Exercise requirements - Go to the line containing "LEMAIRE Black Calfskin Loafers" and retype it and every later line exactly as written, up to the last line of the entries. Keep pictures out.

[Data entries]
>>>>>

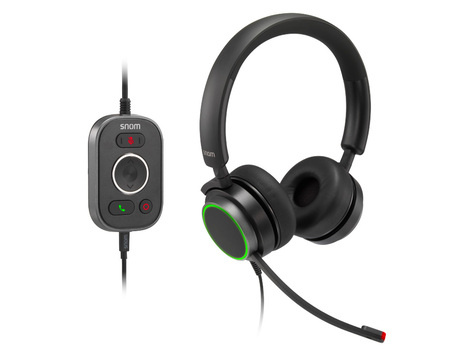 Snom A330D Headset, wired duo
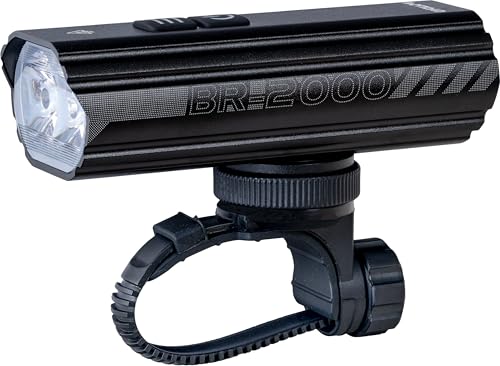 Cyclami 2000 Lumen LED Bicyle Light in Black Aluminum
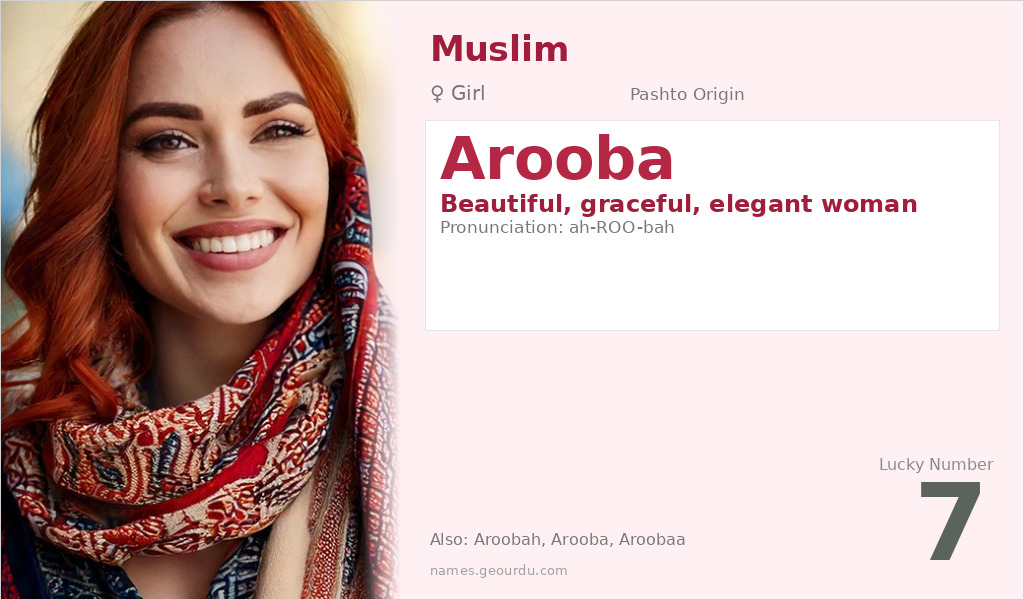 Arooba Name Meaning and Details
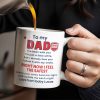 To My Dad, Sneaker And Super Dad Badge - Personalized Custom Coffee Mug - DAD230_MG To My Dad, Sneaker And Super Dad Badge - Personalized Custom Coffee Mug - DAD230_MG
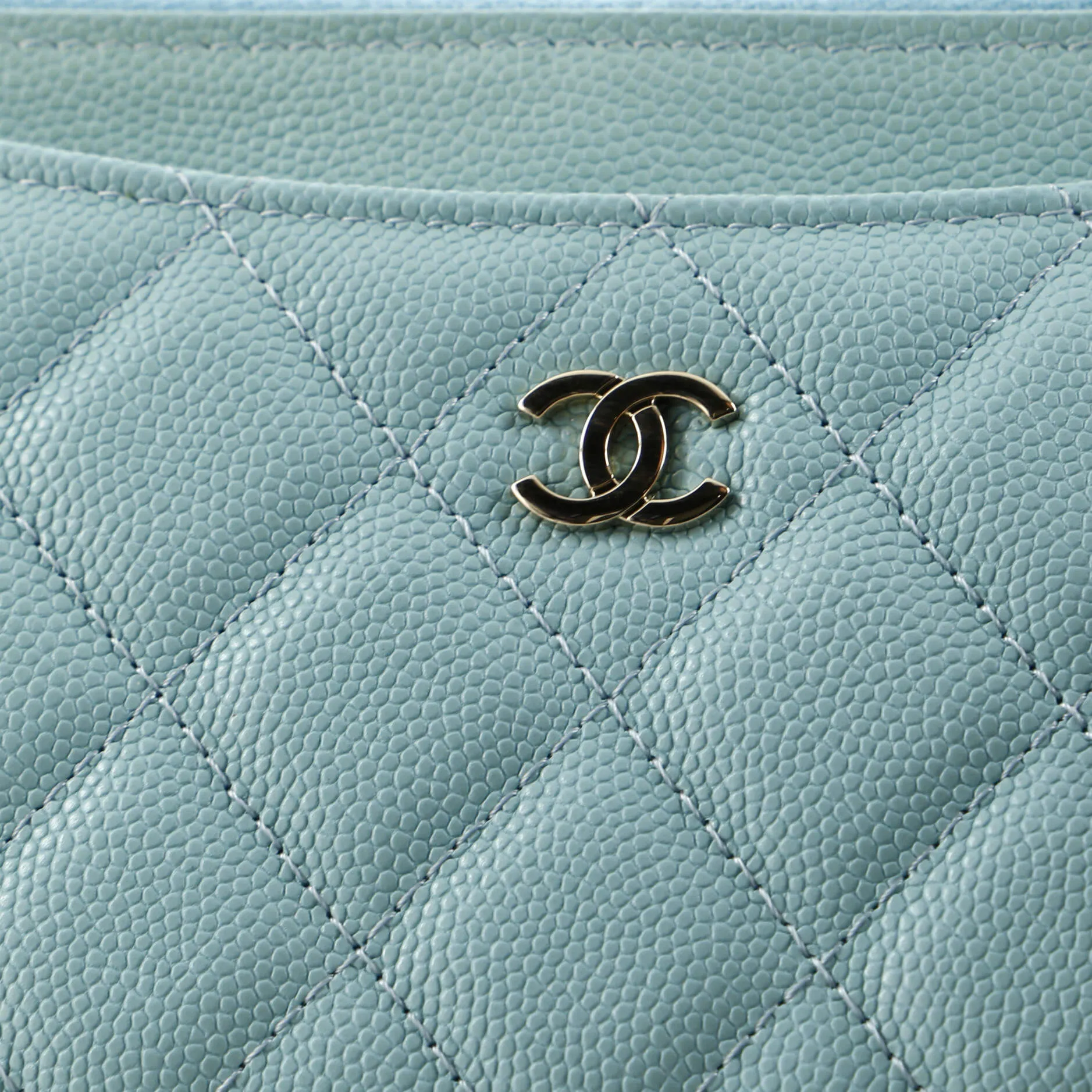 Chanel Classic Zip Pouch Quilted Caviar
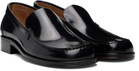 LEMAIRE Black Calfskin Loafers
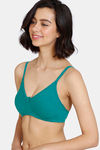 Zivame Basics Double Layered Non Wired 3/4th Coverage Sag Lift Bra - Harbour Blue — thumbnail 3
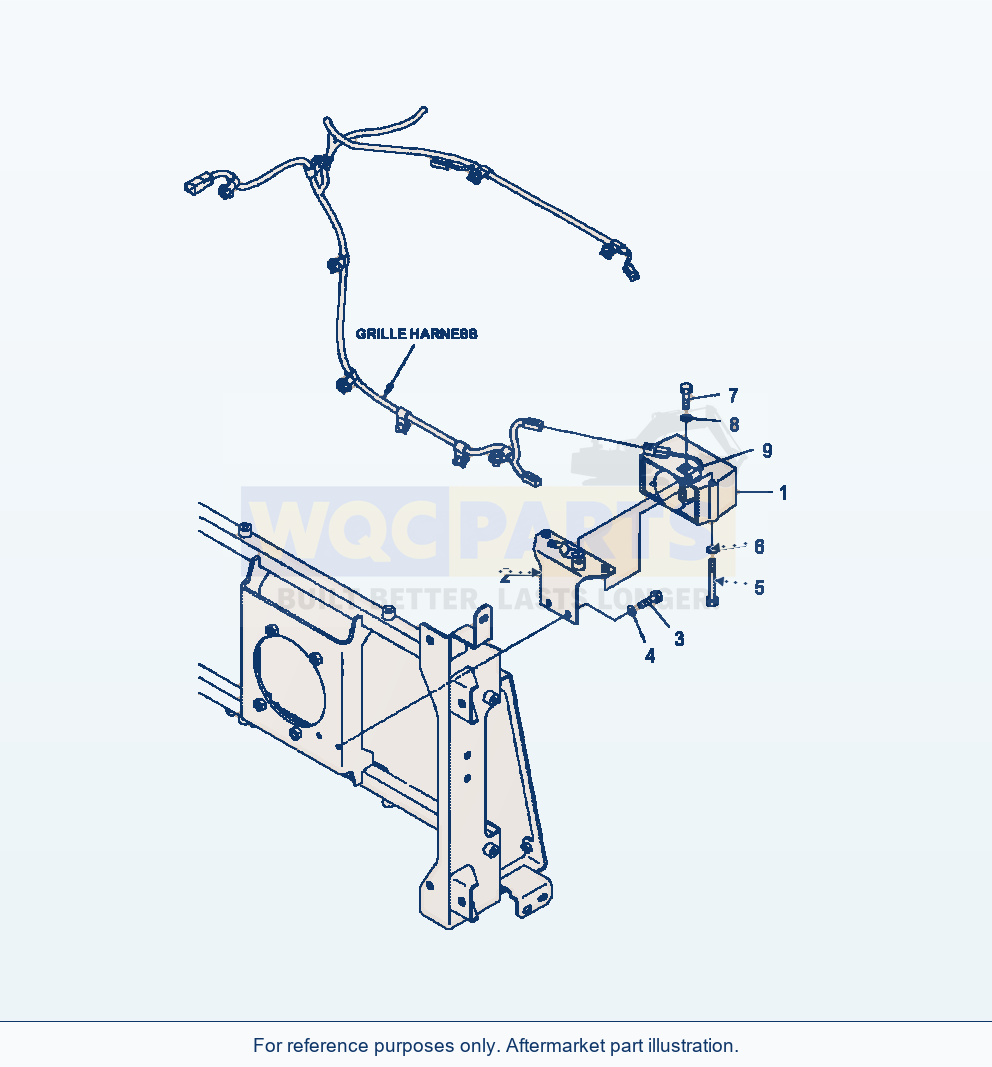 Komatsu WA470-6 Back Up Alarm Serial A46001-UP parts diagram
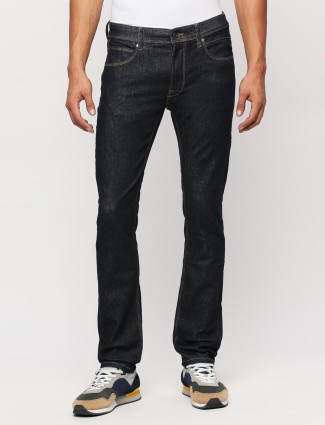 Pepe Jeans dark navy mid waist slim fit jeans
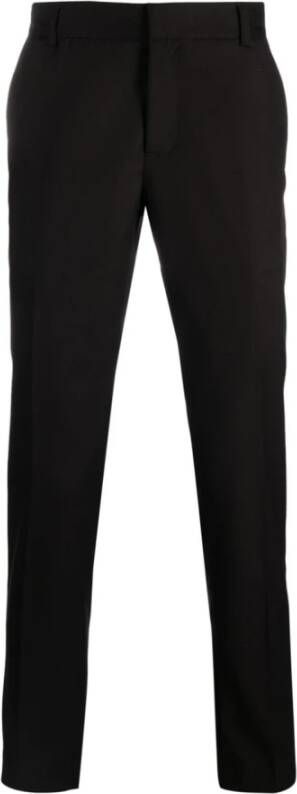 Daniele Alessandrini Zwarte Slim-Fit Maatwerk Broek Zwart Heren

<<<<<

Finished task -
 LEMAIRE Black Calfskin Loafers
 Zivame Basics Double Layered Non Wired 3/4th Coverage Sag Lift Bra - Harbour Blue — thumbnail 3
 Komatsu WA470-6 Back Up Alarm Serial A46001-UP parts diagram
 Pepe Jeans dark navy mid waist slim fit jeans
 Daniele Alessandrini Zwarte Slim-Fit Maatwerk Broek Zwart Heren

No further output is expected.